The problem: Print the whole listing exactly as it appears, but skip the pictures.

Data block:

********************

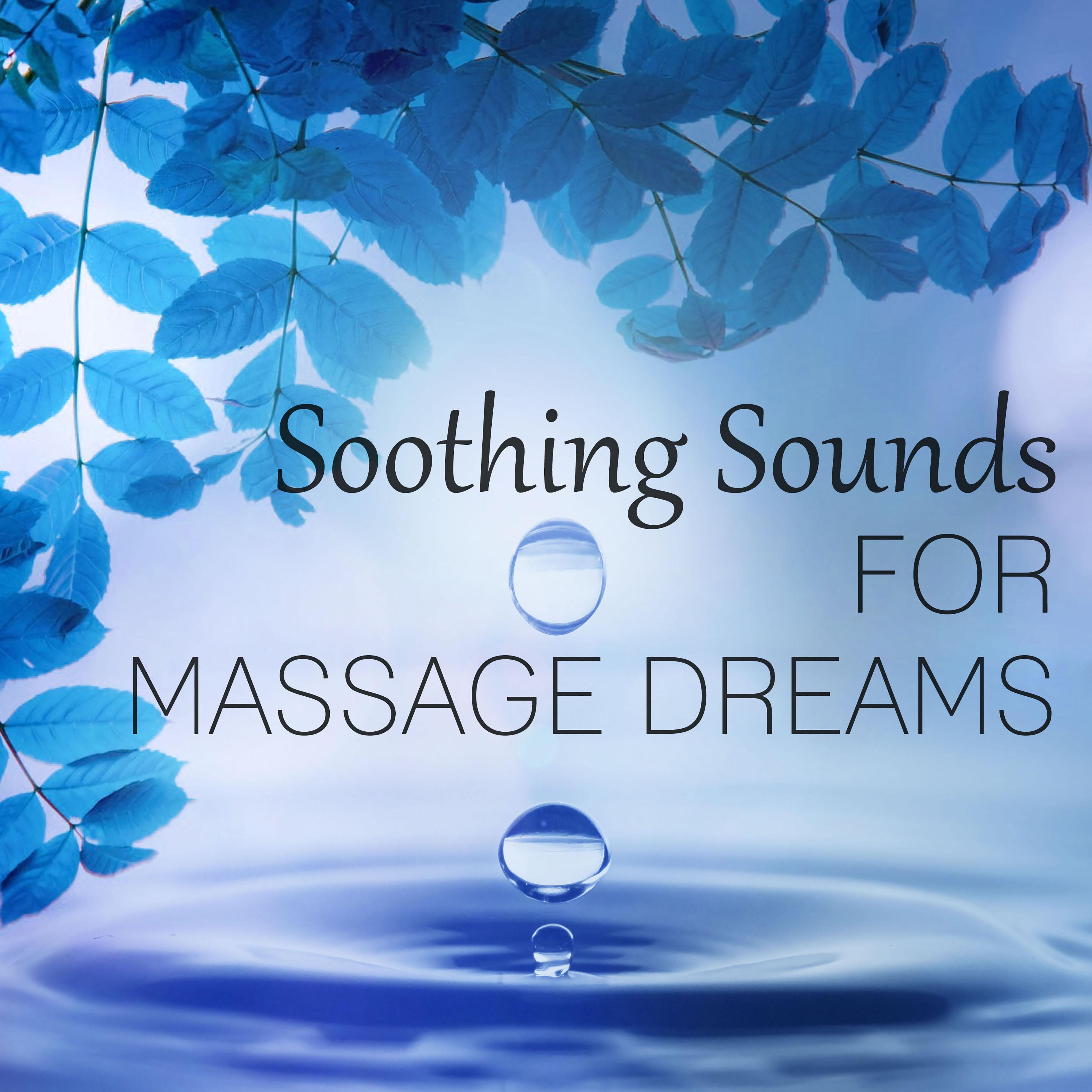 Soothing Sounds for Massage – Sensual Massage, Hot Oil, New Age Music For Massage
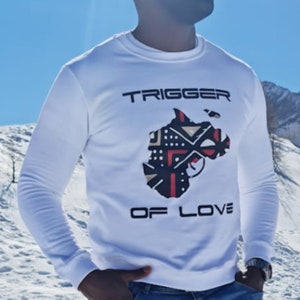Sweatshirt Trigger of Love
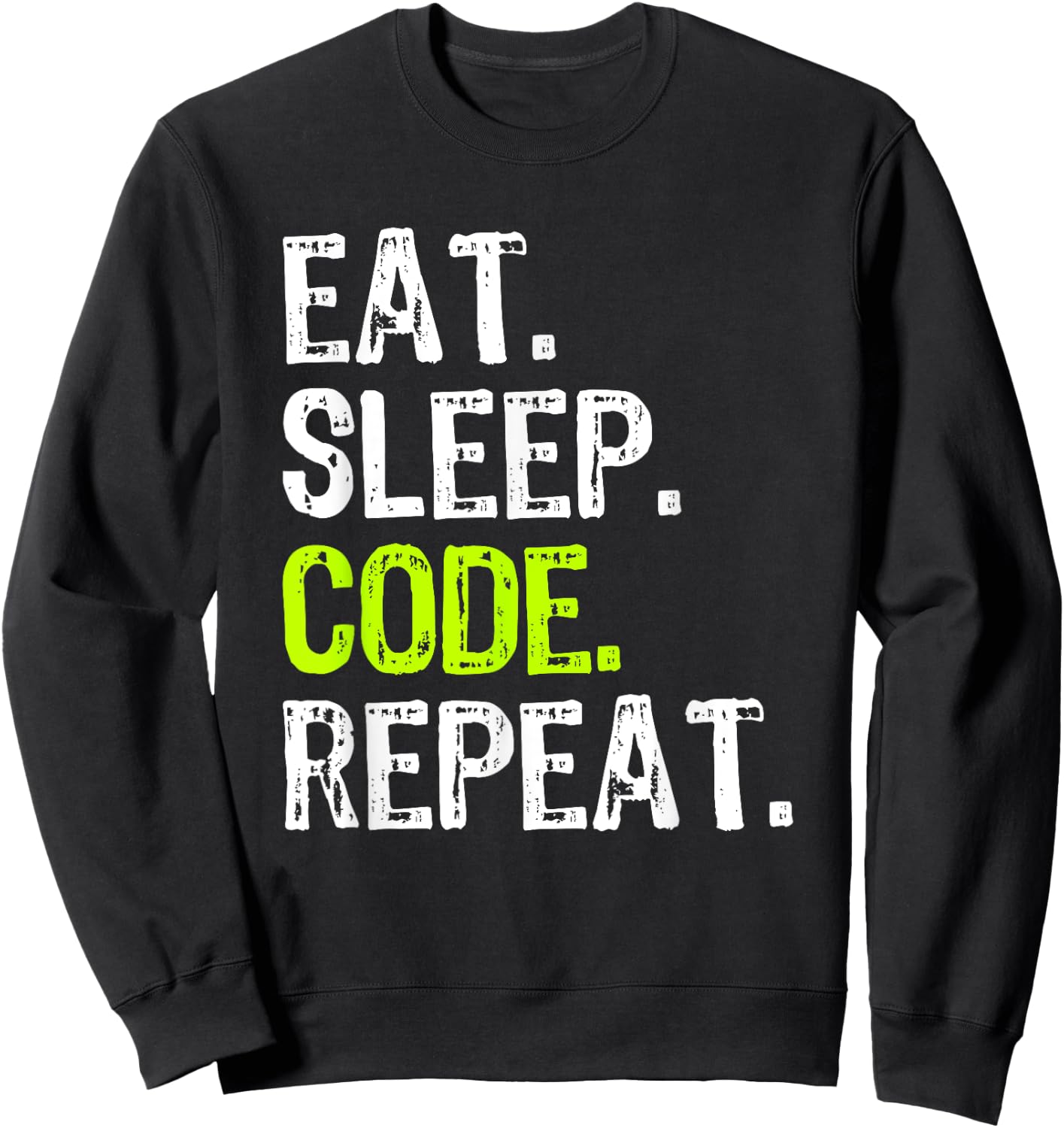 Eat Sleep Code Repeat Coding Coder Programmer Funny Cool Sweatshirt - Sweatshirt | Black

********************

Task solution:
 Soothing Sounds for Massage – Sensual Massage, Hot Oil, New Age Music For Massage
Sweatshirt Trigger of Love
 Eat Sleep Code Repeat Coding Coder Programmer Funny Cool Sweatshirt - Sweatshirt | Black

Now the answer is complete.